Exercise directions
Look below for the line containing "Engelsk bulldog 4:e" and the line containing "Rentpeer: Custom application."; repeat exactly those two lines and all lines between them, and nothing else.

Data provided

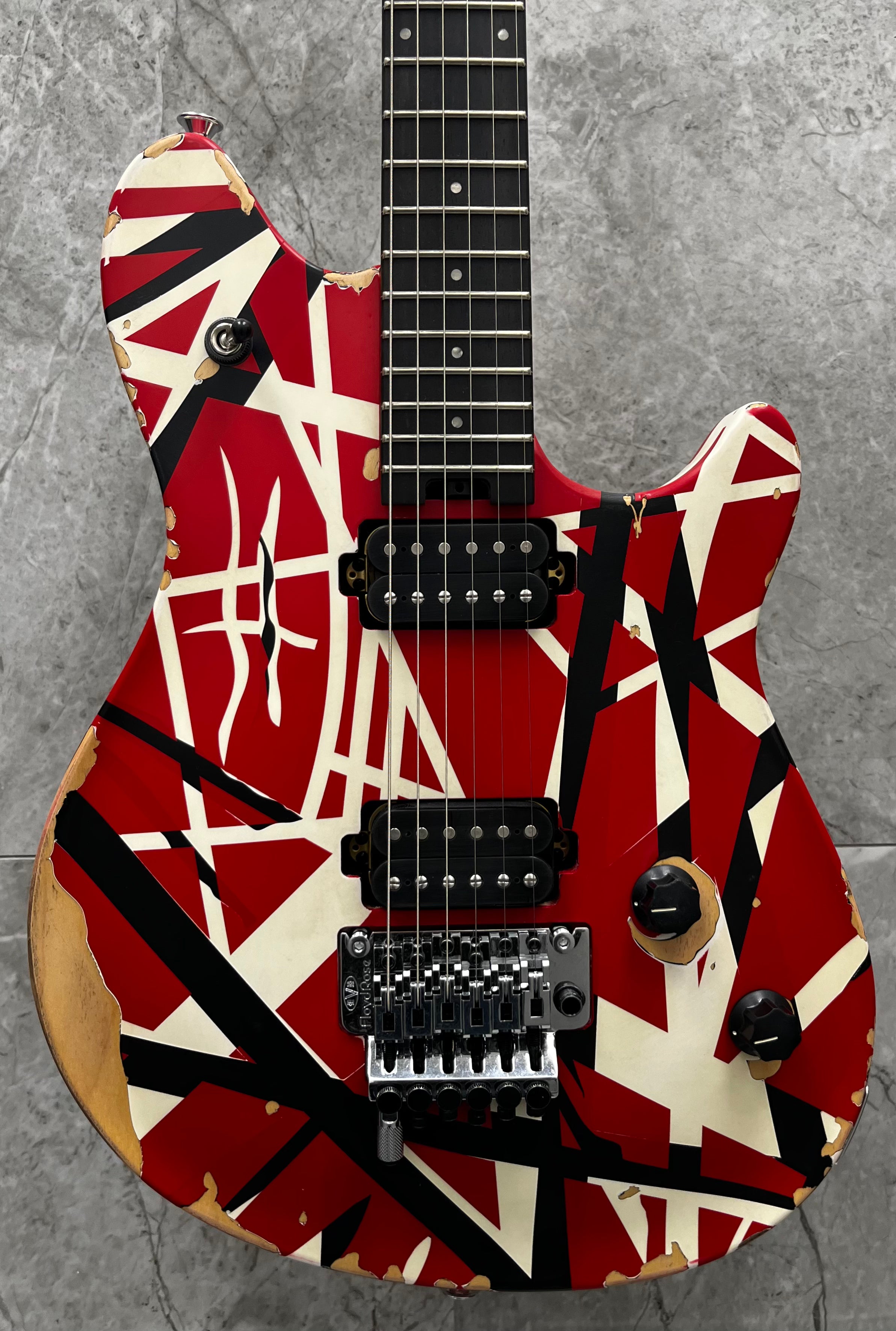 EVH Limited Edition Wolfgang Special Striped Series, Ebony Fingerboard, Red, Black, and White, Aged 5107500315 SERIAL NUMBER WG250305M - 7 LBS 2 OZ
* * *
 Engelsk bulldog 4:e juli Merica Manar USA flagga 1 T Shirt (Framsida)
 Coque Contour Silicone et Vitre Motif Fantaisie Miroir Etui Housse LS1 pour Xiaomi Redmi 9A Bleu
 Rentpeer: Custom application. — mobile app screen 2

Result for this exercise
 Engelsk bulldog 4:e juli Merica Manar USA flagga 1 T Shirt (Framsida)
 Coque Contour Silicone et Vitre Motif Fantaisie Miroir Etui Housse LS1 pour Xiaomi Redmi 9A Bleu
 Rentpeer: Custom application. — mobile app screen 2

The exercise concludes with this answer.